America companies also no longer look towards international acquisitions as a chance to simply gut assets and move on.

New Zealanders, Grice says, are simultaneously starting to accept that a split needs to happen between locally based research and development and international sales and marketing. Our local businesses will always be boxed in trying to find scalability while staying onshore and can’t build up huge value by trialing a product domestically.

“It was a lot harder to explain the value in that split 10 years ago. I think we are growing up in that regard,” Grice says.

It’s a new model that Grice thinks can’t be taught. “It’s less about government telling people than peers telling people,” he says.

In this vein, Grice nods to international success stories like Xero and BookTrack, who have used American capital to globalise homegrown genius as being “trailblazers” that will help light a path for future entrepreneurs.

Grice sees his role as strengthening these existing bonds alongside finding new potential.

An area where New Zealand is way behind America – and where Grice is eager to make a mark as Consul General – is setting up not-for- profit and philanthropic business structures to amp up our opportunities States-side.

As an example, Grice says that New Zealand- made technology around water management in the Lake Taupo area is some of the best in the world. Potentially, American conservationists would have a large interest in this.

“There are people who would give money for that. But you need to build the structures and the funding for the transfer of science and intellectual property,” Grice says.

For Grice though, his role is not just about increasing this economic traffic between New Zealand and the West Coast of the USA. He views boosting cultural integration as an important component of his work, too.

“There is a love affair here between the United States and New Zealand and I don’t think New Zealanders have really cottoned onto that. On the West Coast here there’s an immediate Pacific connection,” Grice says.

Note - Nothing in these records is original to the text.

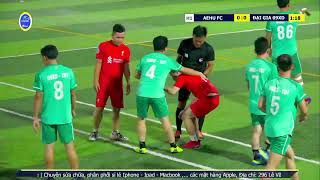 🔴 LIVE: EAHU FC 🆚 ĐẠI GIA 09XD FC ⚽ Giao Hữu Bóng Đá S7 Sài Gòn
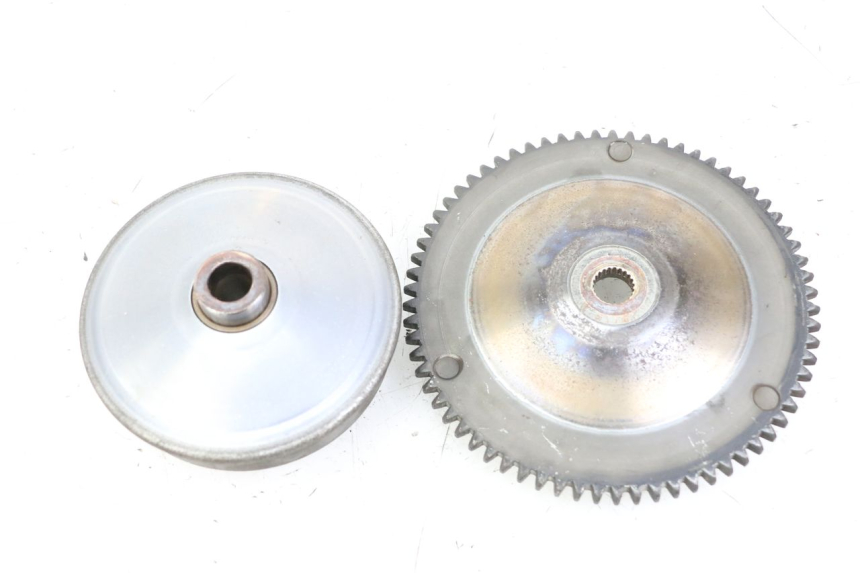 photo de VARIATOR PEUGEOT TKR TREKKER FURIOUS 50 (2005 - 2014) - Zoom on usage condition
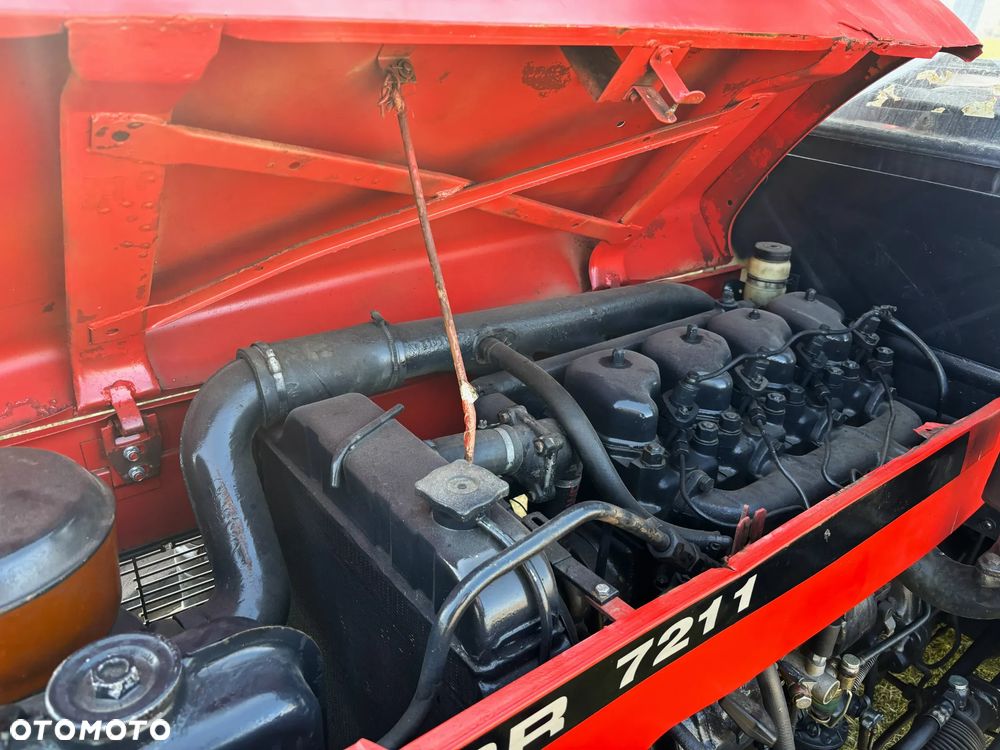 Zetor 7011 - 8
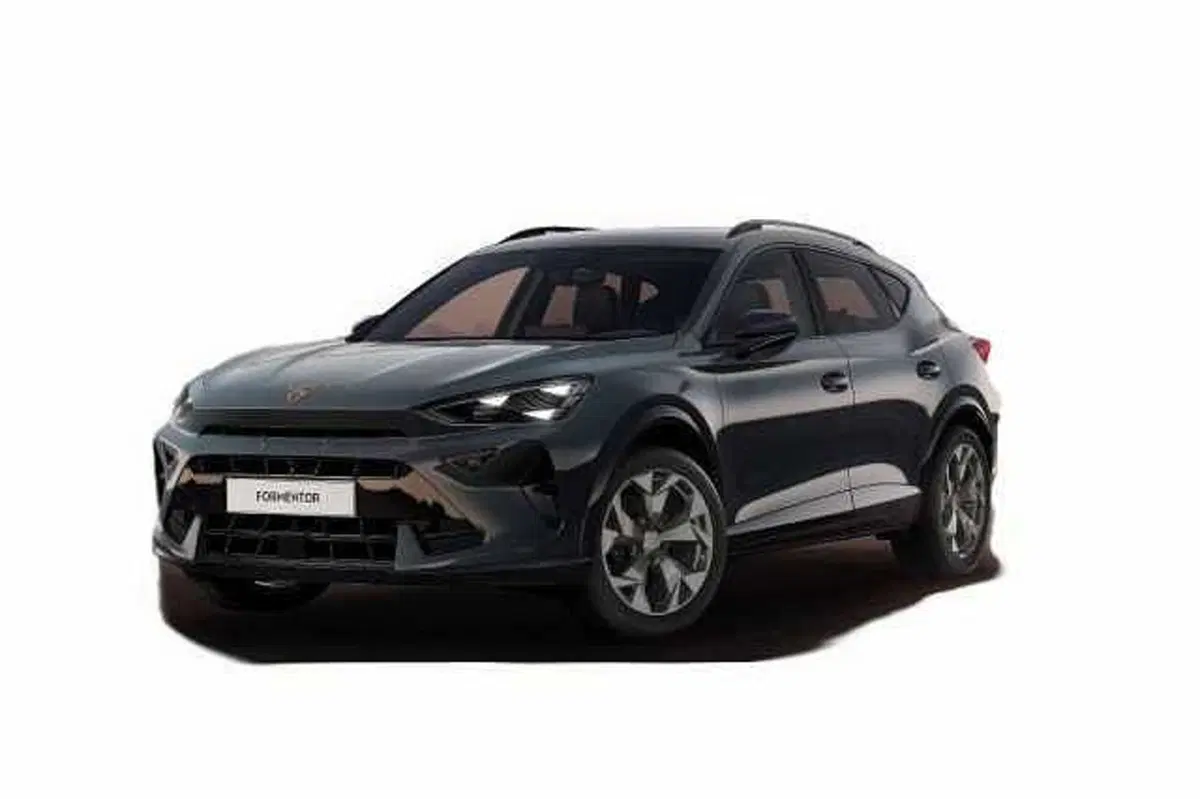 Cupra Formentor nuova a Chieti (2)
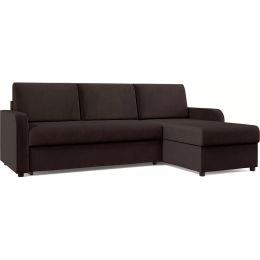 Диван угловой Марракеш Plush Brown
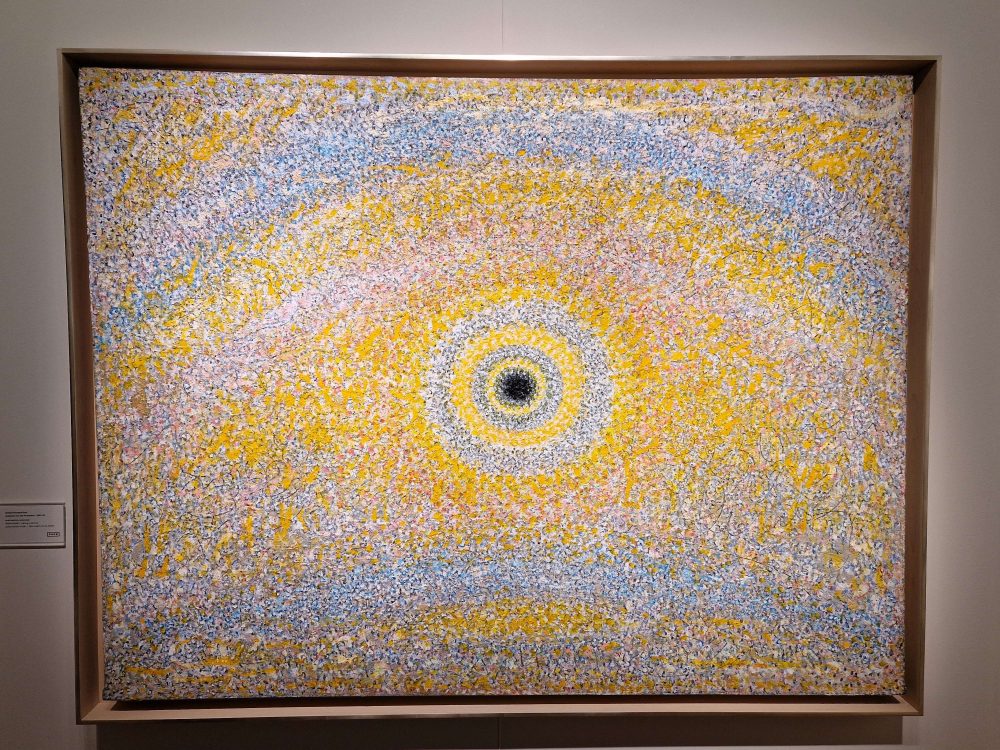IMPLOSIONE: Pousette-Dart, Implosion, 1991-92 (Pace)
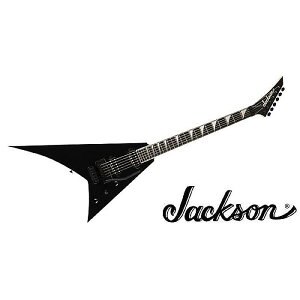 JACKSON ( WN\ ) / Pro Plus Series Rhoads RR24, Ebony Fingerboard, Deep Blackċx݃Z[
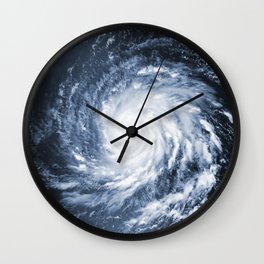Hurricane Igor Wall Clock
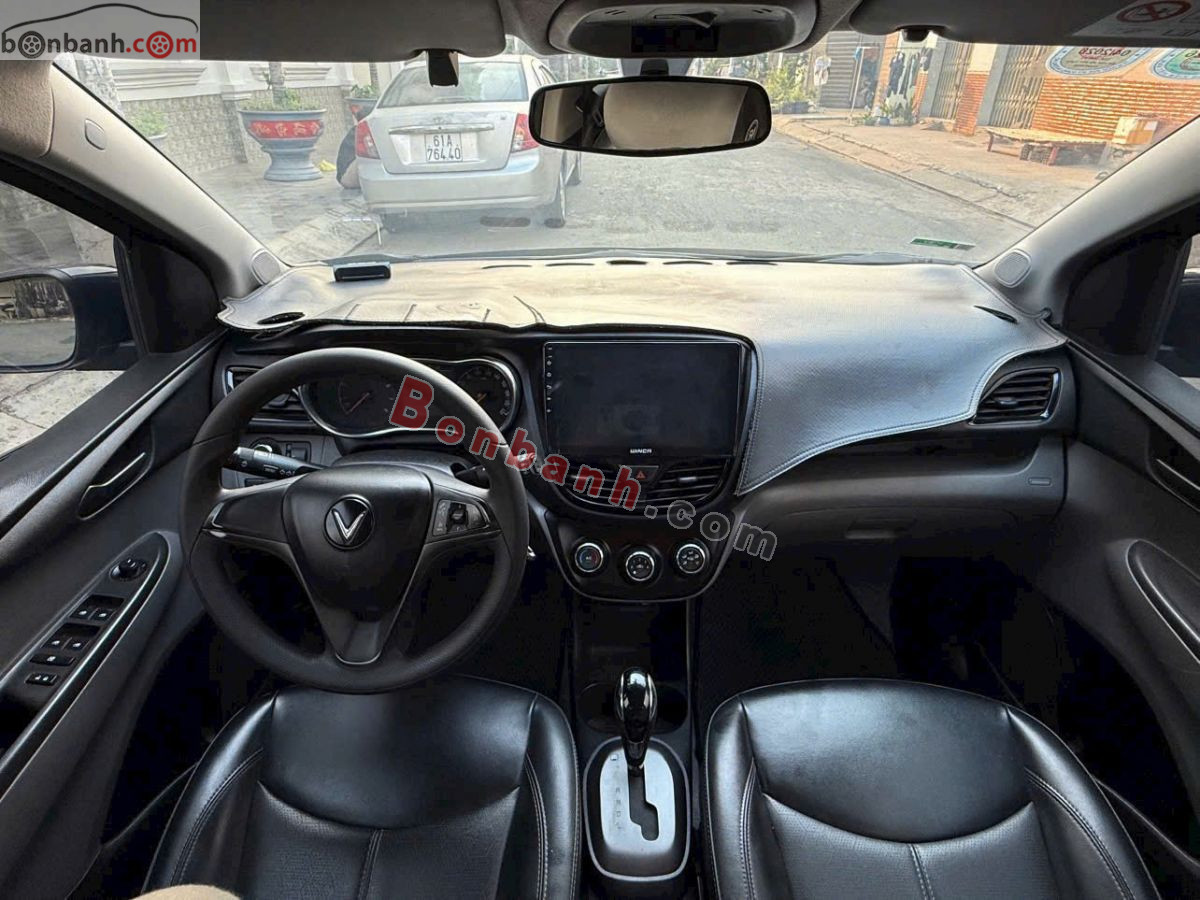 VinFast Fadil 1.4 AT 2021 - 255 Triệu 6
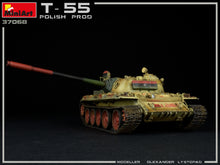 1/35 T-55 Polish Production - Hobby Sense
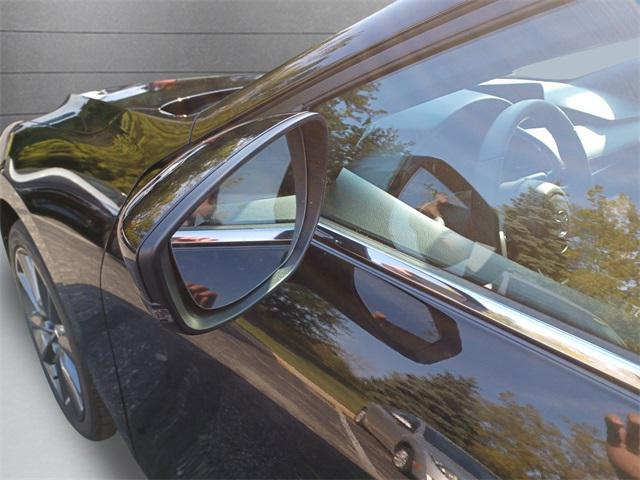 used 2025 Mazda Mazda3 car, priced at $26,036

Which from an opposite end, can sometimes mean Grice’s job is to help Americans understand our Kiwi business quirks.

“In San Francisco across the America’s Cup a lot of New Zealand entrepreneurs were pitching their businesses. Too often we would apologise for ourselves in this setting. And

I can’t think of a better way to destroy expectations here,” Grice says.

“You have to get Americans to understand that there are nuggets in New Zealand and how you can bring those out.”